Confirmation 19 mai 2022
Commentaire • 0
Sur la décision
| Référence : | CA Nancy, réf., 19 mai 2022, n° 22/00013 |
|---|---|
| Juridiction : | Cour d'appel de Nancy |
| Numéro(s) : | 22/00013 |
| Importance : | Inédit |
| Dispositif : | Autre |
| Date de dernière mise à jour : | 6 août 2024 |
| Lire la décision sur le site de la juridiction |
Texte intégral
MINUTE : /2022
DU 19 MAI 2022
— ---------------------------
REFERE N° RG 22/00013 – N° Portalis DBVR-V-B7G-E6BG
— ---------------------------
RG : 21/1930
1ère Chambre
[N] [D]
[N] [D]
c/
[U] [K]
COUR D’APPEL DE NANCY
ORDONNANCE DE REFERE
Le 05 Mai 2022 à neuf heures trente, devant Nous, Pascal BRIDEY, Président de Chambre, désigné par ordonnance de Monsieur le Premier Président de la Cour d’Appel de NANCY en date du 3 décembre 2021, tenant l’audience de référés, assisté de Clara TRICHOT-BURTE, Greffier,
ONT COMPARU :
Monsieur [N] [D]
[Adresse 2]
[Localité 4]
Non comparant, représenté par Me Christophe GUITTON substitué par Me Chloé BLANDIN de la SELARL GUITTON GROSSET BLANDIN, avocats au barreau de NANCY
Madame [N] [D]
[Adresse 2]
[Localité 4]
Non comparante, représentée par Me Christophe GUITTON substitué par Me Chloé BLANDIN de la SELARL GUITTON GROSSET BLANDIN, avocats au barreau de NANCY
DEMANDEURS EN REFERE
ET :
Monsieur [U] [K]
[Adresse 1]
[Localité 3]
Non comparant, représenté par Me Nathalie REICH-PINTO substitué par Me Cyril REICH, avocats au barreau de NANCY
DEFENDEUR EN REFERE
SUR QUOI :
Avons, après avoir entendu à l’audience du 05 Mai 2022, les parties en leurs explications et conclusions et avisé les parties que la décision serait prononcée par mise à disposition au greffe le 19 Mai 2022 et ce, en application de l’article 450 alinéa 2 du Code de Procédure Civile, mis l’affaire en délibéré ;
Et ce jour, 19 Mai 2022, assisté de Clara TRICHOT-BURTÉ, greffier, auquel la minute de la décision a été remise par le magistrat signataire, avons rendu l’ordonnance suivante :
RAPPEL DES FAITS ET DE LA PROCÉDURE :
Par jugement, assorti de l’exécution provisoire, en date du 23 juin 2021, le tribunal judiciaire de Nancy a notamment condamné Monsieur [N] [D] et Madame [N] [D], son épouse à payer à Monsieur [U] [K] la somme de 115 000 euros au titre de la réduction du prix de vente d’une maison outre les sommes de 7 452,80 euros au titre des frais de procédure, 29 700 euros en réparation du préjudice de jouissance, 15 000 euros au titre du préjudice moral et 3 000 euros en application des dispositions de l’article 700 du code de procédure civile.

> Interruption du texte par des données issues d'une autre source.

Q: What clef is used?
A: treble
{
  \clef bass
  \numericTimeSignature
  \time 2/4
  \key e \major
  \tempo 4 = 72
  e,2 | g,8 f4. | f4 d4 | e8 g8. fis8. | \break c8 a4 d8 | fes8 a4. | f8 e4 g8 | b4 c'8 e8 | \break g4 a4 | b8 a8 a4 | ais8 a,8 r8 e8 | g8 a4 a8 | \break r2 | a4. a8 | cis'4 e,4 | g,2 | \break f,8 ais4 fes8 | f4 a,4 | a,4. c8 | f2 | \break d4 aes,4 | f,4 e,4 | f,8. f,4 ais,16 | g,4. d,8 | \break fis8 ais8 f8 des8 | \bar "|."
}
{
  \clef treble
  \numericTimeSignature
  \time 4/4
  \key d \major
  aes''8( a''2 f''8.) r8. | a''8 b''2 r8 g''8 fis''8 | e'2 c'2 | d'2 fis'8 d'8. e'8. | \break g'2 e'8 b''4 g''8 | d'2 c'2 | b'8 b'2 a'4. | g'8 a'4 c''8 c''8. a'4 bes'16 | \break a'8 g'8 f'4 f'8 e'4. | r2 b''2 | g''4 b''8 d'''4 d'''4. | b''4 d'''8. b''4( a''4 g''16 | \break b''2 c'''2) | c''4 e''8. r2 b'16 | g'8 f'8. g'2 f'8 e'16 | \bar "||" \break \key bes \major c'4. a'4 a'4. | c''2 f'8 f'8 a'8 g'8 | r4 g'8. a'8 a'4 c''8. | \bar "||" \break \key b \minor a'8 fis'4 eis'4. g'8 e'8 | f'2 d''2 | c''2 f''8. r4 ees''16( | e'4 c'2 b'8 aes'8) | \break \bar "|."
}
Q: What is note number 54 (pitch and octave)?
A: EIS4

Par déclaration du 28 juillet 2021, les époux [D] ont interjeté appel de ce jugement.
Par acte d’huissier en date du 4 mars 2022, les époux [D] ont fait citer Monsieur [U] [K] devant Monsieur le premier président de la cour d’appel de Nancy pour voir ordonner, sur le fondement de l’article 524 ancien du code de procédure civile, l’arrêt de l’exécution provisoire de ce jugement.
A l’appui de leur demande, les époux [D] font valoir qu’ils sont tous deux retraités et que leur revenu ne leur permet pas de régler le montant des condamnations prononcées à leur encontre par le tribunal judiciaire de Nancy.

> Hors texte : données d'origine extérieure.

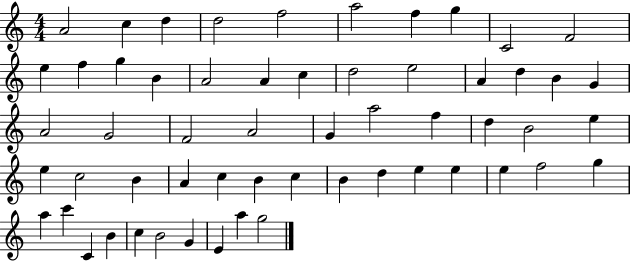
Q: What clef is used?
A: treble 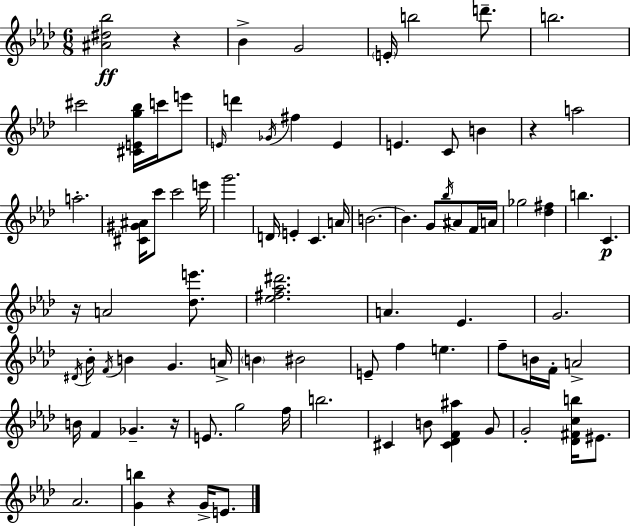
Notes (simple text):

[A#4,D#5,Bb5]/h R/q Bb4/q G4/h E4/s B5/h D6/e. B5/h. C#6/h [C#4,E4,G5,Bb5]/s C6/s E6/e E4/s D6/q Gb4/s F#5/q E4/q E4/q. C4/e B4/q R/q A5/h A5/h. [C#4,G#4,A#4]/s C6/e C6/h E6/s G6/h. D4/s E4/q C4/q. A4/s B4/h. B4/q. G4/e Bb5/s A#4/e F4/s A4/s Gb5/h [Db5,F#5]/q B5/q. C4/q. R/s A4/h [Db5,E6]/e. [Eb5,F#5,Ab5,D#6]/h. A4/q. Eb4/q. G4/h. D#4/s Bb4/s F4/s B4/q G4/q. A4/s B4/q BIS4/h E4/e F5/q E5/q. F5/e B4/s F4/s A4/h B4/s F4/q Gb4/q. R/s E4/e. G5/h F5/s B5/h. C#4/q B4/e [C#4,Db4,F4,A#5]/q G4/e G4/h [Db4,F#4,C5,B5]/s EIS4/e. Ab4/h. [G4,B5]/q R/q G4/s E4/e. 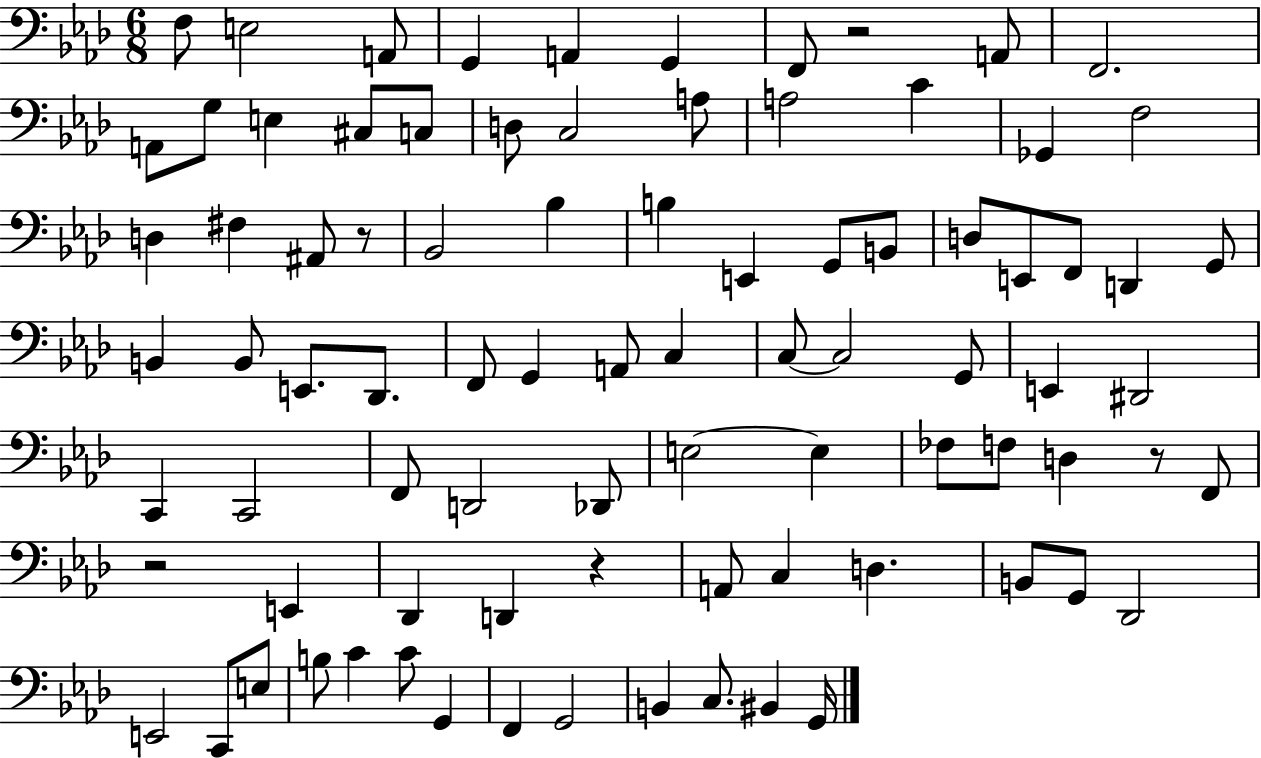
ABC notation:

X:1
T:Untitled
M:6/8
L:1/4
K:Ab
F,/2 E,2 A,,/2 G,, A,, G,, F,,/2 z2 A,,/2 F,,2 A,,/2 G,/2 E, ^C,/2 C,/2 D,/2 C,2 A,/2 A,2 C _G,, F,2 D, ^F, ^A,,/2 z/2 _B,,2 _B, B, E,, G,,/2 B,,/2 D,/2 E,,/2 F,,/2 D,, G,,/2 B,, B,,/2 E,,/2 _D,,/2 F,,/2 G,, A,,/2 C, C,/2 C,2 G,,/2 E,, ^D,,2 C,, C,,2 F,,/2 D,,2 _D,,/2 E,2 E, _F,/2 F,/2 D, z/2 F,,/2 z2 E,, _D,, D,, z A,,/2 C, D, B,,/2 G,,/2 _D,,2 E,,2 C,,/2 E,/2 B,/2 C C/2 G,, F,, G,,2 B,, C,/2 ^B,, G,,/4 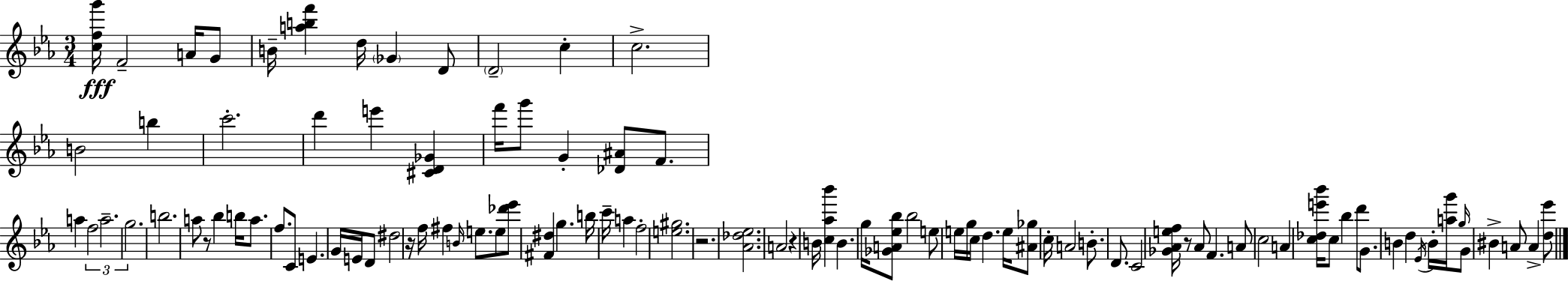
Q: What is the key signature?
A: EES major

Ils font observer que Monsieur [K] laisse péricliter le bien vendu qui chaque jour perd un peu plus de sa valeur de sorte qu’en cas d’infirmation du jugement frappé d’appel, il ne pourra pas revendre ce bien pour rembourser les sommes qui auraient pu lui être versées.
A l’audience du 5 mai 2022, les époux [D] ont réaffirmé leur prétention.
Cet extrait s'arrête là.